Nas últimas décadas, surgiu um grande número de meios nativos digitais na América Latina. Isso contribuiu, em parte, para a fragmentação do público. Entretanto, essas organizações de notícias também têm o potencial de ajudar a unir comunidades e criar consenso em sociedades polarizadas.

Brazilian journalist Vanessa de Macedo Higgins Joyce poses with her book “Digital-Native News in South America. Building Bridges with Diverse Audiences in Argentina, Brazil and Colombia.”

Higgins Joyce entrevistou cidadãos, jornalistas e gestores de meios de Argentina, Brasil e Colômbia para sua pesquisa. Também analisou dados existentes e conduziu sua própria pesquisa. (Foto: Albert Suarez)

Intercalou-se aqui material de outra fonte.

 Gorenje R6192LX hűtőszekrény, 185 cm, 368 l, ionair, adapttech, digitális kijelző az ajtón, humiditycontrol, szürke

Essa é uma das principais premissas do novo livro da jornalista e pesquisadora brasileira Vanessa de Macedo Higgins Joyce, “Digital-Native News in South America. Building Bridges with Diverse Audiences in Argentina, Brazil and Colombia”. (“Notícias nativas digitais na América do Sul. Construindo pontes com públicos diversos em Argentina, Brasil e Colômbia”). De acordo com a autora, a meios de notícias nativos digitais pode abordar a polarização de duas maneiras: oferecendo uma diversidade de notícias de diferentes perspectivas e direcionando sua cobertura para uma variedade de públicos.

Higgins Joyce, professora associada da Escola de Jornalismo e Comunicação de Massa da Universidade Estadual do Texas, entrevistou membros do público, jornalistas e gestores de meios em Argentina, Brasil e Colômbia. Ela também analisou dados existentes e realizou sua própria pesquisa com o objetivo de aprofundar a relação entre meios nativos digitais e a crescente polarização social nesses países latino-americanos.

Os resultados da pesquisa desafiam o pressuposto predominante de que meios digitais tendem a levar à polarização, conforme citado no livro. Higgins Joyce disse à LatAm Journalism Review (LJR) que, ao expor o público a uma gama mais ampla de perspectivas, as organizações de notícias digitais podem desempenhar um papel fundamental na diminuição das visões extremas que criaram divisões, não apenas nesses três países, mas em toda a região.

Esta entrevista foi editada por questões de extensão e clareza.

LJR: O que inspirou seu interesse em investigar a ligação entre as organizações de notícias nativas digitais e a polarização social na Argentina, no Brasil e na Colômbia?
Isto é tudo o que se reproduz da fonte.